Hi, some comments about encoding detection (KEncodingDetector)

Sun Jul 27 00:28:48 BST 2008

yeah, i agree, we need better API to support data feed().
and before i re-submit a patch, i'd like to discuss the new API.
below is Mozilla's interface(the base class for all detector)

class nsCharSetProber {
public:
  virtual ~nsCharSetProber() {};
  virtual const char* GetCharSetName() = 0;
  virtual nsProbingState HandleData(const char* aBuf, PRUint32 aLen) = 0;
  virtual nsProbingState GetState(void) = 0;
  virtual void      Reset(void)  = 0;
  virtual float     GetConfidence(void) = 0;
  virtual void      SetOpion() = 0;
  // Helper functions used in the Latin1 and Group probers.
  // both functions Allocate a new buffer for newBuf.

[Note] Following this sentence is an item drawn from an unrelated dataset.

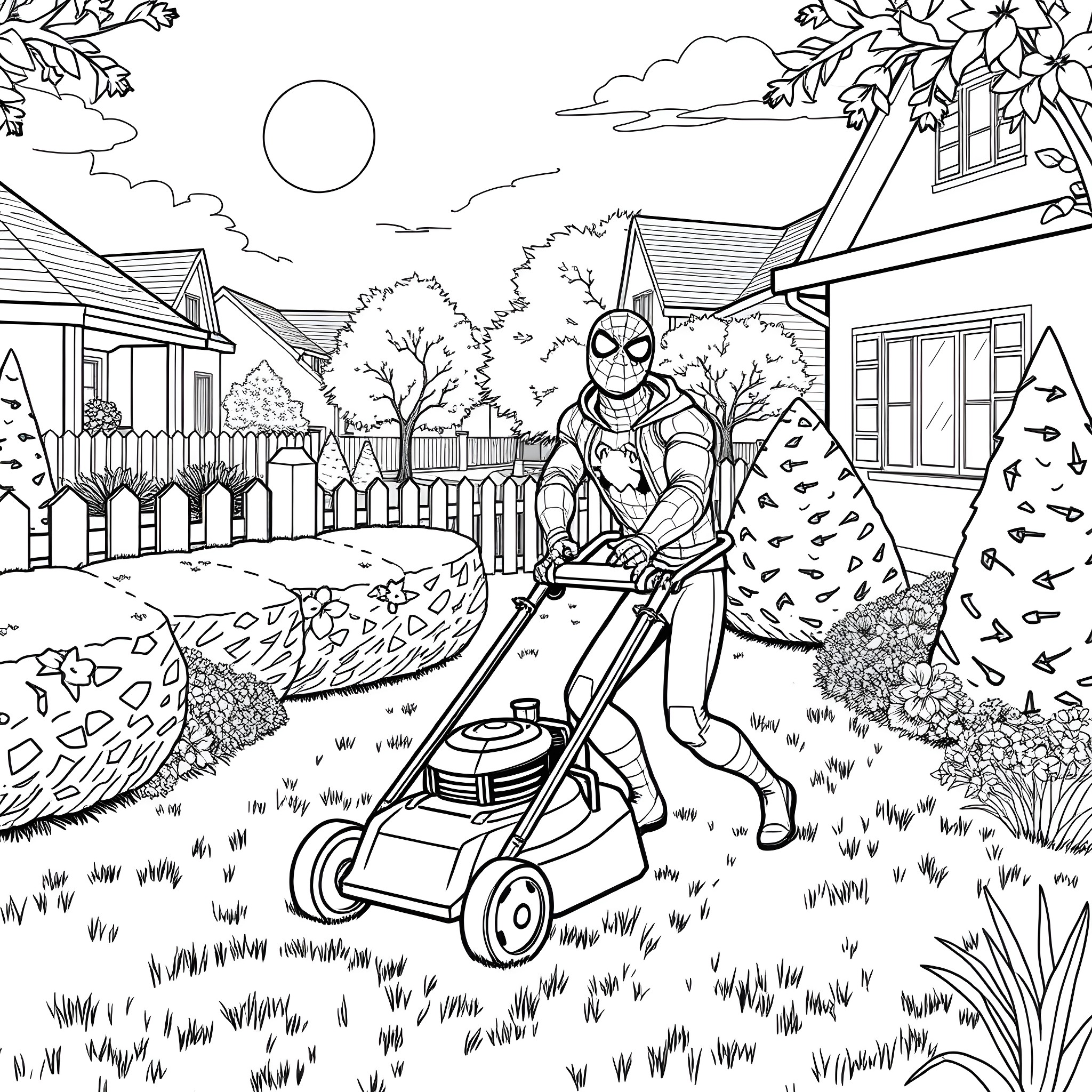 Spiderman mowing the lawn in a suburban neighborhood Coloring Page (free black-and-white line drawing printable PDF for all, from beginners to advanced learners, including children, teens, adults, and seniors)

This buffer should be
  // freed by the caller using PR_FREEIF.
  // Both functions return PR_FALSE in case of memory allocation failure.
  static PRBool FilterWithoutEnglishLetters(const char* aBuf, PRUint32
aLen, char** newBuf, PRUint32& newLen);
  static PRBool FilterWithEnglishLetters(const char* aBuf, PRUint32
aLen, char** newBuf, PRUint32& newLen);
};

note the final two FilterWithxxx() function and GetState() function. i
also think we should include these functions in so-called
KEncodingDetector2 api.

there're already some users of KEncodingDetector(kmail, kate),  so my
patch is a bit conservative to not to break the api (my initial
motivation is to make kate auto detect encodings when open documents).
If you wish, let's discuss and determine the API first (Mozilla's
original api is good start),  then i can do lots of modifications to
really port its encoding detection algorithm to it (my current patch
is indeed a wrapper to call Mozilla's charset detection lib, because
the two api are too different.).

Regards,
	Wang Hoi

2008/7/27, Andreas Hartmetz <ahartmetz at gmail.com>:
> The API of KEncodingDetector is not nice anyway. What I'd like to see is a
> KEncodingDetector2 (for lack of a better name) with a *very* simple API:
>
> void reset();
> void feed(const QByteArray &input);  //or call it input() ?
> <some enum> detectedEncoding() const;
> int percentConfidence() const;	//if possible, not very important
>
> If feed() gets an incomplete unicode/otherwise composite char at the end
> there
> should be no need to tell the detector "watch out, more blocks are coming".
> It should just cache the incomplete char and put it together when more input
> arrives. Ignore it for the result in the meantime.
>